George Harris Butler (1840 – May 11, 1886) the nephew of a Massachusetts Congressman, was appointed Consul General in Alexandria, Egypt, in 1870. He dismissed all consular agents, auctioned off their commissions, and purchased dancing girls. Shortly before his recall in 1872, he was involved in a brawl with three former Confederate officers.

==Background and career==
Butler was born in Massachusetts but spent his formative years in California. During the Civil War he was a lieutenant in the 10th US infantry and later a quartermaster and ordnance officer, resigning in 1863. He was a theatre critic and talented writer, contributing to various publications including Wilkes' Spirit of the Times. His drinking bouts often got him into trouble despite the best efforts of his friends and family. In 1870 his uncle, Congressman General Benjamin Franklin Butler, who had some influence with President Ulysses S. Grant, was instrumental in getting him a job as US Consul General in Alexandria, Egypt, as a non-career appointee.

Butler presented his credentials on the 2 June 1870 and took up residence in Alexandria with his wife, actress Rose Eytinge. He employed an assistant by the name of Strologo, dismissed all of the US consular agents in the area and auctioning off their positions to the highest bidders. A missionary working in Alexandria, Reverend David Strang, attempted to intercede on behalf of the dismissed agents and eventually wrote to Ulysses S. Grant about the "corrupt management of consular affairs". Strang also wrote that Butler and his companions demanded entertainment from dancing women performing "in puris naturalibus".

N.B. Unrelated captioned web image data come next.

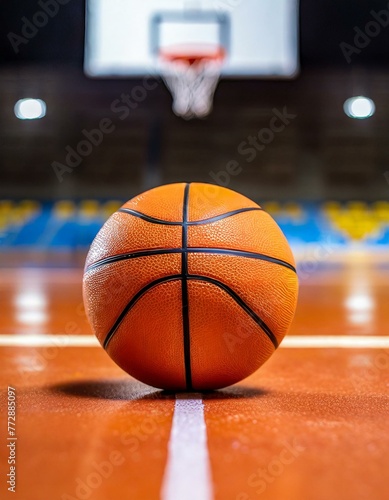 A basketball ball placed on the basketball court. close up © two K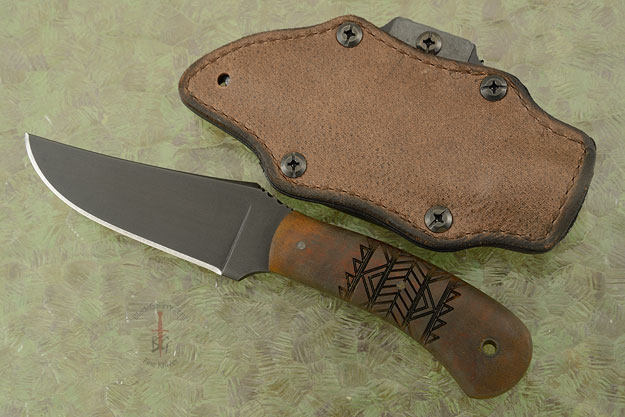 Blue Ridge Hunter (Gen 2) with Maple, Tribal Markings - Leather Wrapped Sheath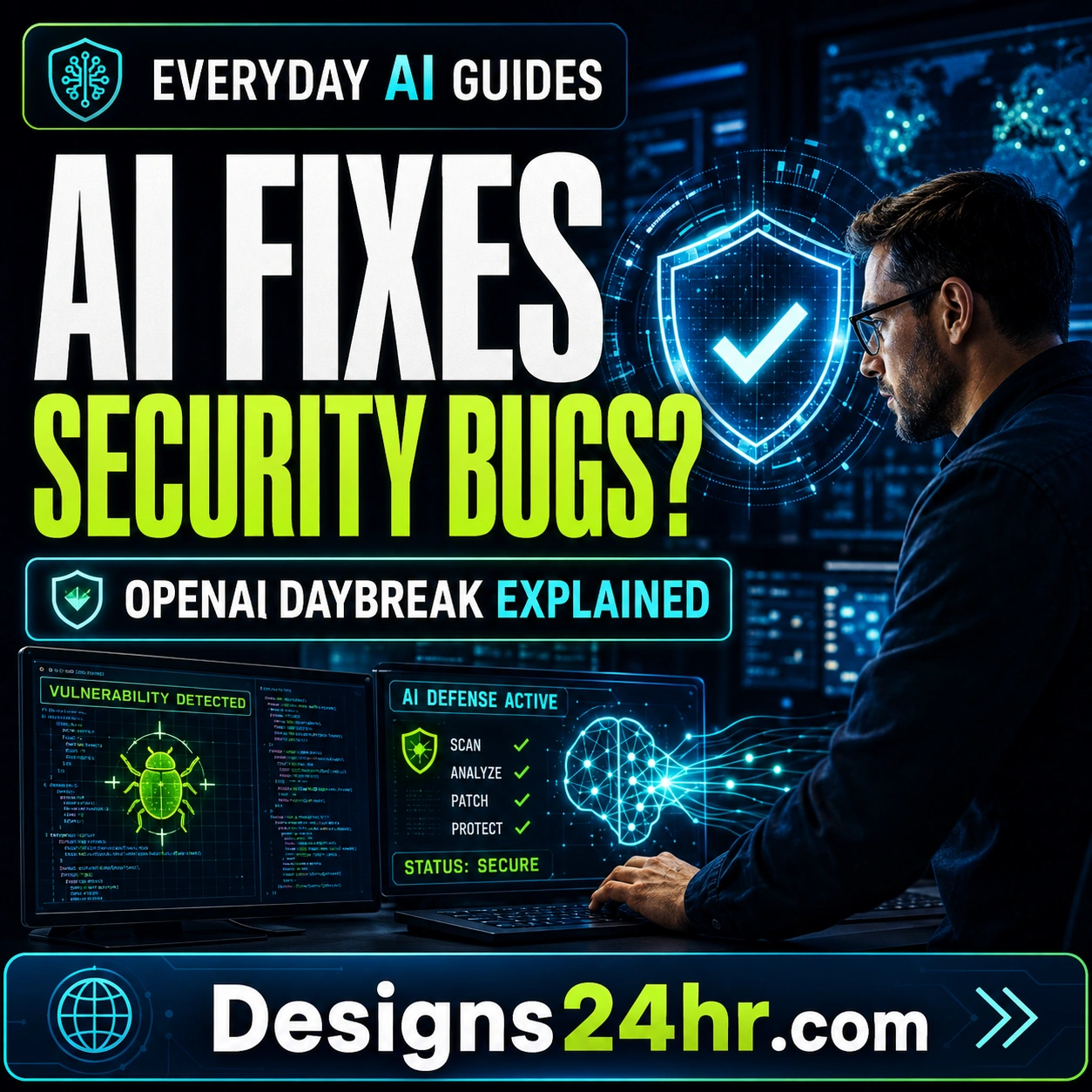 OpenAI Daybreak explained with AI shield, cybersecurity analyst, software bug detection, and security patch automation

Butler came into conflict with several of the American officers serving in the Egyptian army. These were predominantly ex-Confederate soldiers/sailors, recruited by Thaddeus P. Mott and Charles Pomeroy Stone, who were helping the ruling Khedive to modernise his army. The Khedive also considered appointing the former Confederate General, P. G. T. Beauregard, as his commander, but Butler counselled against this and the Khedive withdrew the offer. Some years later Butler explained that "there wasn't room in Egypt for Beauregard and myself at the same time". A fight between Butler and three of the American officers occurred in July 1872; shots were fired and one of the soldiers was wounded. In fear of his life, Butler fled Egypt.

The activities at the consulate were investigated by General F. A. Starring. Strogolo claimed that his boss Butler was often drunk, took bribes, opened mail addressed to others and instigated the shooting of the army officer. However, Strogolo also admitted taking his share of the bribes and was implicated in an assault on the missionary, Reverend Strang.

In 1875 Butler owned and edited a New York journal called The Arcadian; the venture lasted less than a year. In 1877 he was appointed Special Postal Agent for the Black Hills territory based in Deadwood. Travelling to his new position on the train, he became very drunk and made a nuisance of himself. News of this got back to his boss who promptly sacked him. Some years later he was the Forage Master at Fort Keogh but this time resigned because it was too cold. His marriage to Jewish-American actress Rose Eytinge ended in divorce in 1882; they had two children. Their son Benjamin Franklin "Frank" Butler (1871–1904) married actress Alice Johnson, but died an early death.

==Final years==
He became a sorry figure, drunk for days at a time, often living rough. He was even incarcerated in an asylum for a time to try and stop him drinking but celebrated on his release by getting drunk. During these final years in Washington one lady stuck by him and tried to protect him. She was Josephine Chesney who kept her attachment secret, but it became known after Butler's death that they had been married for several years.